Léon de Sorel,[a] marquis de Sorel (1655 – 4 November 1743) was a French naval officer and colonial administrator who was governor of Saint-Domingue in 1719–1723.
Family
Léon marquis de Sorel (1655-1743) was from a family from the Bailiwick of Noyon.
His parents were Charles, seigneur de Villiers and Jeanne du Montel.
He was grandson of Robert de Sorel and Antoinette des Essarts, and great-grandson of Florent de Sorel.[1]
On 23 March 1699 in Rennes he married Marie Louise Marguerite de Marnière.
They had a boy, Charles Gilles Léon (2 January 1701 – 24 May 1767).[2]
In 1708 he married Catherine Allain, widow of Cosme de Séran.[1]
His daughter Marie-Catherine married in 1729 to Jacques-Etienne-Louis Texier, Comte d'Hauteville, an army captain.[3]
Career
Léon marquis de Sorel, became a captain of the Navarre Infantry.
On 3 January 1693 he was appointed inspector of naval troops at Brest, with the rank of ship-of-the-line captain (capitaine de vaisseau), one of three such inspectors in the navy.[4]
On 1 September 1718 Sorel was named governor general of Saint-Domingue, succeeding Charles Joubert de La Bastide, marquis de Chateaumorand.[2][5]
He was received by the council at Le Cap (Cap-Haïtien) on 10 July 1719, and by the council at Léogâne on 13 November 1719.[5]
Soon after Sorel arrived in Saint-Domingue he approved a plan by the military engineer Amédée-François Frézier to replace the decaying barracks at Le Cap-Français with a new masonry buildings, as well as other buildings such as the powder storehouse and the king's storehouse.
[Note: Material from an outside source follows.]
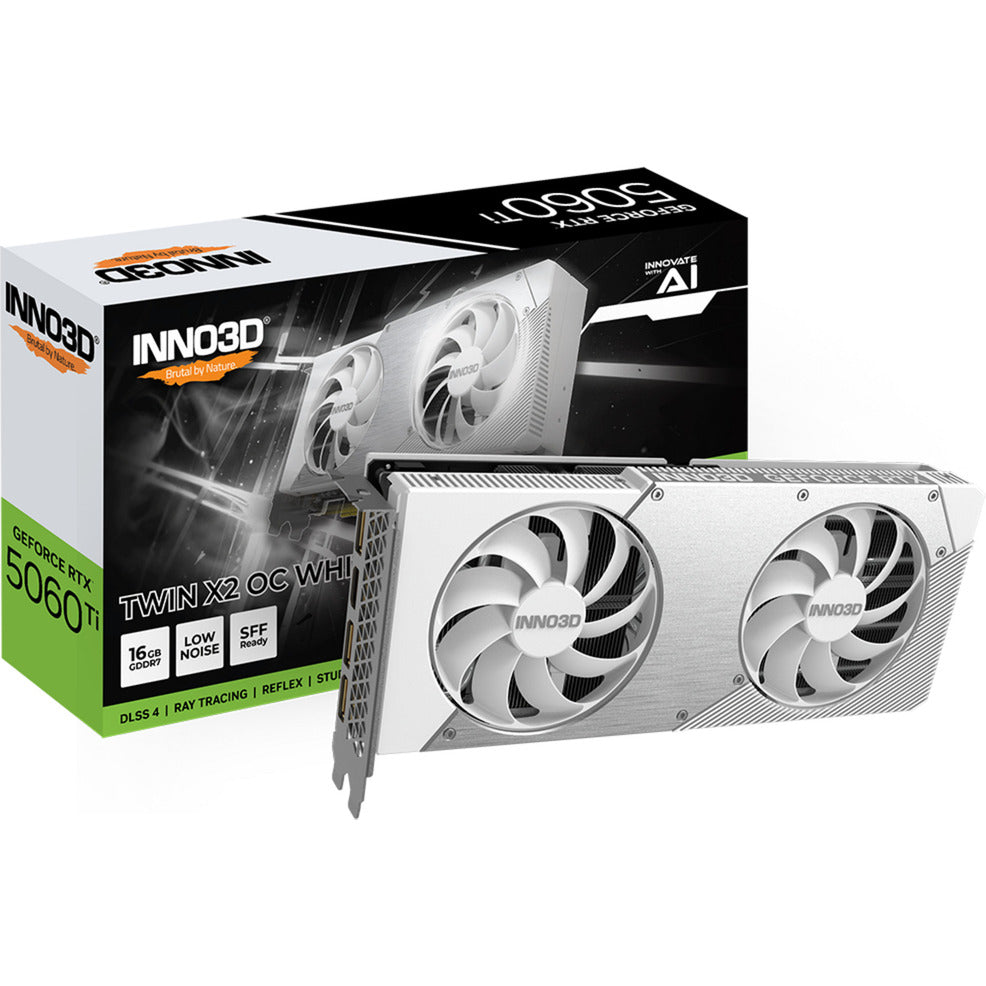 Inno3d N506T2-16D7X-191073W GEFORCE RTX 5060 TI TWIN X2 OC WHITE, 16 Go, GDDR7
However, the council also had to approve the expenditure, and the colony could not afford it.[6]
Sorel pushed hard for the work to be done, and eventually the superintendent of finance, Jean-Jacques Mithon de Senneville, agreed to support it.[6]
Construction of the barracks had begun by January 1720, using stone imported as ballast from France.[7]
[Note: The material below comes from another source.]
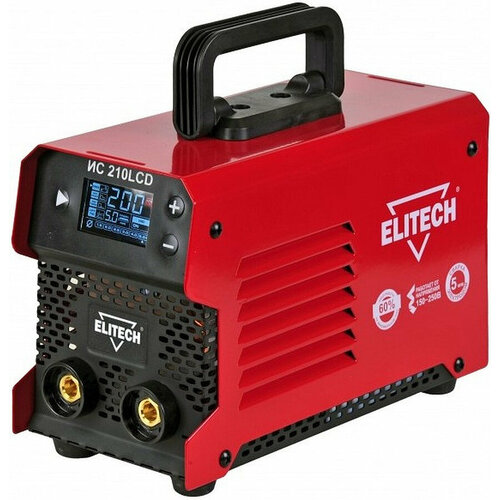 Сварочный аппарат Elitech ИС 210LCD инвертор MIG-MAG/ММА 7.0кВт сварочный аппарат инверторного типа elitech ис 220пн e1703 004 00 mma mig mag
By August 1721 the barracks were almost complete.
The total cost had been 500,000 livres, and the colony's budget was exhausted.[8]
^Some sources wrongly give Léon de Sorel's name as Léon Dyel de Sorel. This is due to confusion with Jean Jacques Dyel, Comte de Sorel, son of Jacques Dyel du Parquet (1606–1658), first governor of Martinique.
He bought the estate of Sorel in 1667 from the Duke of Chevreuse.
He styled himself comte de Sorel, as did his son François Jacques and his cousin Jean Dyel de Graville Duparquel.